[Opening Listed records section]

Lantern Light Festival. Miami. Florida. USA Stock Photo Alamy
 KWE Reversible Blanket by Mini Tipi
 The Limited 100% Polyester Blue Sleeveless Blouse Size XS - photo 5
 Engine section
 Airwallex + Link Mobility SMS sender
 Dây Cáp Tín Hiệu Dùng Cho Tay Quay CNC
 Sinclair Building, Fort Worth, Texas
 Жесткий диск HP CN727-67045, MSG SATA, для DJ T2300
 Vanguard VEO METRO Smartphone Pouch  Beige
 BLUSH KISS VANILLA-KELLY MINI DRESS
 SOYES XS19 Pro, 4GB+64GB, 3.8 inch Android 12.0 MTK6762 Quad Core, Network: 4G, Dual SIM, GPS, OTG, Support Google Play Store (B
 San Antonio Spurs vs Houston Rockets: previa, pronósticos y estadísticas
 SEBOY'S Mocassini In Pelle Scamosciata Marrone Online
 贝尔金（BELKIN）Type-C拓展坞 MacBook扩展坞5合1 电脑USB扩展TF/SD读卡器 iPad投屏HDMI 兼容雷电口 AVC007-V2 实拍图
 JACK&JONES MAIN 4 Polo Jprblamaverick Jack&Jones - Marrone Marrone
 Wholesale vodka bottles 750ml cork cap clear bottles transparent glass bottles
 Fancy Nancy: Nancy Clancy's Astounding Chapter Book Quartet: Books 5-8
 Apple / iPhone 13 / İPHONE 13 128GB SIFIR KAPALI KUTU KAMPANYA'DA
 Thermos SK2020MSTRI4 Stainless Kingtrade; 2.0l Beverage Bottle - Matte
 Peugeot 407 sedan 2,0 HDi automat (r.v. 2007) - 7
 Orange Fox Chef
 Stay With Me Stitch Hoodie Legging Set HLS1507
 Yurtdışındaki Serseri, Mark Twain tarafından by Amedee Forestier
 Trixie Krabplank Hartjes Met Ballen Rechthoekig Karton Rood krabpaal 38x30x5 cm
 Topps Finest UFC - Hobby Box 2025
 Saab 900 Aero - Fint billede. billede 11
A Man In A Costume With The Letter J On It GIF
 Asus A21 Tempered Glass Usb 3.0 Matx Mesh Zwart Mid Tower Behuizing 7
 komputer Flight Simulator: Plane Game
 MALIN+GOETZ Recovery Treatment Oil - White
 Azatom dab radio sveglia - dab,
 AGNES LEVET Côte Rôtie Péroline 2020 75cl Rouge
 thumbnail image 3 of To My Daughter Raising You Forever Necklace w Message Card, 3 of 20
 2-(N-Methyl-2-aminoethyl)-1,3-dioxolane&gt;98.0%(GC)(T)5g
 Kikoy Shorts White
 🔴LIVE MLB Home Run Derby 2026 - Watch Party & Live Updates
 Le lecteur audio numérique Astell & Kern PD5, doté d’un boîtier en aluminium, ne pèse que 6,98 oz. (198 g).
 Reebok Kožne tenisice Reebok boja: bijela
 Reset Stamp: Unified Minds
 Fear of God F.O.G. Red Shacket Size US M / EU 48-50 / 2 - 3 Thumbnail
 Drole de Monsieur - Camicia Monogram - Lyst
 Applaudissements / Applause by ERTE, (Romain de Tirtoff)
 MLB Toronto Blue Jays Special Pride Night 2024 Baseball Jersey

[Closing Listed records section]

## Work request
From the line containing "Reebok Kožne tenisice Reebok boja: bijela" down to the last line of the data, transcribe every line exactly; nothing else should appear.

## Solution
 Reebok Kožne tenisice Reebok boja: bijela
 Reset Stamp: Unified Minds
 Fear of God F.O.G. Red Shacket Size US M / EU 48-50 / 2 - 3 Thumbnail
 Drole de Monsieur - Camicia Monogram - Lyst
 Applaudissements / Applause by ERTE, (Romain de Tirtoff)
 MLB Toronto Blue Jays Special Pride Night 2024 Baseball Jersey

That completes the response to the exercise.